=== Your objective ===
All lines below are to be transcribed exactly.

=== Available data ===
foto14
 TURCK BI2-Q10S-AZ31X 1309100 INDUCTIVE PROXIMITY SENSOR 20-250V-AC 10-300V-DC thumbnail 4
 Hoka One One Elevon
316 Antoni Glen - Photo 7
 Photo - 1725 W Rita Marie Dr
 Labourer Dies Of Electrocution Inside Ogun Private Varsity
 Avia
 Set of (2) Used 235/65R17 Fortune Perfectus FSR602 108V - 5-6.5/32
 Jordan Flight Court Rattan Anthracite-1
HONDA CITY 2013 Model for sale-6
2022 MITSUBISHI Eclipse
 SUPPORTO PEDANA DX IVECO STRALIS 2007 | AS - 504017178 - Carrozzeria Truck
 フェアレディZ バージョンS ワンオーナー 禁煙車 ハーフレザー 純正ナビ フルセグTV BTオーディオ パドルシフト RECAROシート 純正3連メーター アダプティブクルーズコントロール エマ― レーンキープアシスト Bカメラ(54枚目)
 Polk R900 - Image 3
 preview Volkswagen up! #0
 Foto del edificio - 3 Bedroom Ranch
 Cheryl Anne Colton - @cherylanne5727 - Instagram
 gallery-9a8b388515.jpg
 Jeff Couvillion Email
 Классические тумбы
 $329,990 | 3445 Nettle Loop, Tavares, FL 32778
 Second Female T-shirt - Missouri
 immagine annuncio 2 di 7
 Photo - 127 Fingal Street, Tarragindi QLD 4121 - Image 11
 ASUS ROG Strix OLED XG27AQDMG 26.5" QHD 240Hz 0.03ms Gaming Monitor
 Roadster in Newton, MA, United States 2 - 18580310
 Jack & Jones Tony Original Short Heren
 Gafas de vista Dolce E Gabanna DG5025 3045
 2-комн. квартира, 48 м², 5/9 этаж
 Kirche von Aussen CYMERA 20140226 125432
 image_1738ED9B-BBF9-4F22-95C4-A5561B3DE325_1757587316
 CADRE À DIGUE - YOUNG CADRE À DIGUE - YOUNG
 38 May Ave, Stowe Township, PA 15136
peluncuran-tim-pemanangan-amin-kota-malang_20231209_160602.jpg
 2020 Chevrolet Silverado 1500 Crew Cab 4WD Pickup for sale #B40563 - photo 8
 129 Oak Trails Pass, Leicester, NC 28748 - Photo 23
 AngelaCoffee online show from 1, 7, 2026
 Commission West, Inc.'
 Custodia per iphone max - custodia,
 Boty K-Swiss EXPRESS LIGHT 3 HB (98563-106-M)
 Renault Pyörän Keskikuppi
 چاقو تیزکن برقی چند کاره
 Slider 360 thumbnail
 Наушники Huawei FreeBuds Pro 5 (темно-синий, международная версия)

=== Result of the exercise ===
foto14
 TURCK BI2-Q10S-AZ31X 1309100 INDUCTIVE PROXIMITY SENSOR 20-250V-AC 10-300V-DC thumbnail 4
 Hoka One One Elevon
316 Antoni Glen - Photo 7
 Photo - 1725 W Rita Marie Dr
 Labourer Dies Of Electrocution Inside Ogun Private Varsity
 Avia
 Set of (2) Used 235/65R17 Fortune Perfectus FSR602 108V - 5-6.5/32
 Jordan Flight Court Rattan Anthracite-1
HONDA CITY 2013 Model for sale-6
2022 MITSUBISHI Eclipse
 SUPPORTO PEDANA DX IVECO STRALIS 2007 | AS - 504017178 - Carrozzeria Truck
 フェアレディZ バージョンS ワンオーナー 禁煙車 ハーフレザー 純正ナビ フルセグTV BTオーディオ パドルシフト RECAROシート 純正3連メーター アダプティブクルーズコントロール エマ― レーンキープアシスト Bカメラ(54枚目)
 Polk R900 - Image 3
 preview Volkswagen up! #0
 Foto del edificio - 3 Bedroom Ranch
 Cheryl Anne Colton - @cherylanne5727 - Instagram
 gallery-9a8b388515.jpg
 Jeff Couvillion Email
 Классические тумбы
 $329,990 | 3445 Nettle Loop, Tavares, FL 32778
 Second Female T-shirt - Missouri
 immagine annuncio 2 di 7
 Photo - 127 Fingal Street, Tarragindi QLD 4121 - Image 11
 ASUS ROG Strix OLED XG27AQDMG 26.5" QHD 240Hz 0.03ms Gaming Monitor
 Roadster in Newton, MA, United States 2 - 18580310
 Jack & Jones Tony Original Short Heren
 Gafas de vista Dolce E Gabanna DG5025 3045
 2-комн. квартира, 48 м², 5/9 этаж
 Kirche von Aussen CYMERA 20140226 125432
 image_1738ED9B-BBF9-4F22-95C4-A5561B3DE325_1757587316
 CADRE À DIGUE - YOUNG CADRE À DIGUE - YOUNG
 38 May Ave, Stowe Township, PA 15136
peluncuran-tim-pemanangan-amin-kota-malang_20231209_160602.jpg
 2020 Chevrolet Silverado 1500 Crew Cab 4WD Pickup for sale #B40563 - photo 8
 129 Oak Trails Pass, Leicester, NC 28748 - Photo 23
 AngelaCoffee online show from 1, 7, 2026
 Commission West, Inc.'
 Custodia per iphone max - custodia,
 Boty K-Swiss EXPRESS LIGHT 3 HB (98563-106-M)
 Renault Pyörän Keskikuppi
 چاقو تیزکن برقی چند کاره
 Slider 360 thumbnail
 Наушники Huawei FreeBuds Pro 5 (темно-синий, международная версия)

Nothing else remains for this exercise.